Unnamed: 0,Cars.go.com,Planes.go.com,Boats.go.com,Total
2013Q4,608506,161697,86591.6,856795
2014Q1,566358,174308,88361.8,829028
2014Q2,570199,180198,93143.7,843541
2014Q3,569191,172111,91955.3,833258
2014Q4,590635,226688,108744.0,926068


- **For "Planes.go.com" and "Boats.go.com", the Profit Estimates and their corresponding historical data are in the similar range.**

  **However, for "Cars.go.com," the Profit Esitmate is about 3 times of its corresponding historical data.**
     - **Due to this irregularity, I investigated if there are duplicate rows from "DailySalesData_2015Q1" where product line is "Cars.go.com"**

In [12]:
Cars_DailySalesData_2015Q1=DailySalesData_2015Q1[DailySalesData_2015Q1.product_line=='Cars.go.com']
DuplicateRows_df = Cars_DailySalesData_2015Q1[Cars_DailySalesData_2015Q1.duplicated(['revenue', 'date'])]
print("Number of Duplicate Rows based on 'revenue' and 'date' columns are:", len(DuplicateRows_df))

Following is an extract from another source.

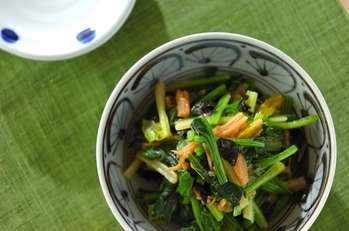 材料１～２個と調味料だけで美味しいレシピ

Number of Duplicate Rows based on 'revenue' and 'date' columns are: 0


- **There are no duplicate rows in "Cars_DailySalesData_2015Q1".**
  
  **Thus, the high profit estimate of "Cars.go.com" is attributed to the significantly higher revenue of "Cars.go.com" in 2015Q1**
  **compared to its history.**

- **A Simple Explanatory Data Analysis (EDA)"**
    - Investigated the monthly levels of revenue in 2015Q1 for "Cars.go.com," and see if there are any irregularities

In [13]:
Cars_DailySalesData_2015Q1.set_index('date', inplace=True);
Cars_DailySalesData_2015Q1['revenue']=Cars_DailySalesData_2015Q1['revenue'].astype('float64');
Cars_MonthlySalesData_2015Q1 = Cars_DailySalesData_2015Q1.resample('1M').sum()

In [14]:
Cars_MonthlySalesData_2015Q1 
RevenueHistData[['Cars.go.com']]

Unnamed: 0_level_0,revenue
date,Unnamed: 1_level_1
2015-01-31,5056747.2
2015-02-28,5329144.8
2015-03-31,6371632.8


Unnamed: 0,Cars.go.com
2013Q4,6085063
2014Q1,5663582
2014Q2,5701994
2014Q3,5691910
2014Q4,5906352


**Findings:**

- Cars.go.com's Monthly Sales (revenue) in 2015Q1 are in the similar range as its Quarterly Sales for the past 1 year and a quarter. 
- In 2015Q1, Cars.go.com's March monthly sales (revenue) increased even more than its previous 2 months.